[Cross-platform] Fixed inefficiency in register allocator
Summary
This merge request fixes in inefficiency in the register allocator that sometimes causes a real register to become unusable immediately prior to its allocation. This most often appears in x86 when %ecx
is reserved for use in a shift or rotate instruction (since it's the only register allowed to be the variable index), and means that in almost all cases, another register is configured to contain the desired index, and then it is copied into %ecx
rather than just configuring %ecx
directly.
Additionally, some conditions were rearranged to provide a micro-boost in performance, only checking assigned(p)

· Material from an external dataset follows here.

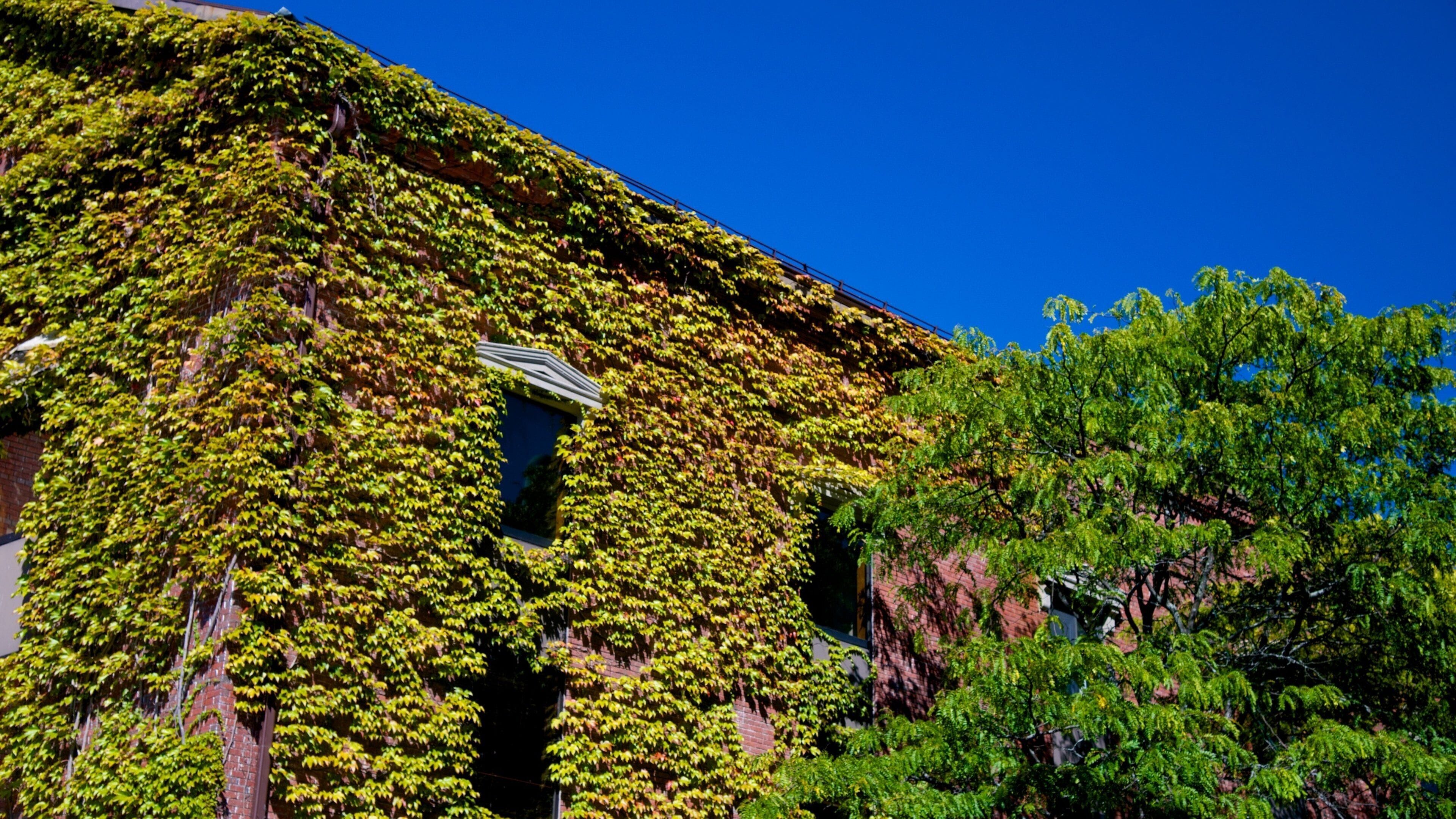 Nashua featuring a house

once because it always returns True on subsequent runs of the while
loop, and checking if a tai
object is of type tai_regalloc
first, since this is far more likely to be the case on a regular build.
System
- Processor architecture: Cross-platform, but predominantly affects x86_64
What is the current bug behavior?
The register allocator is not as efficient as it could be when real registers are reserved and resized (e.g. around shift and rotate instructions).
What is the behavior after applying this patch?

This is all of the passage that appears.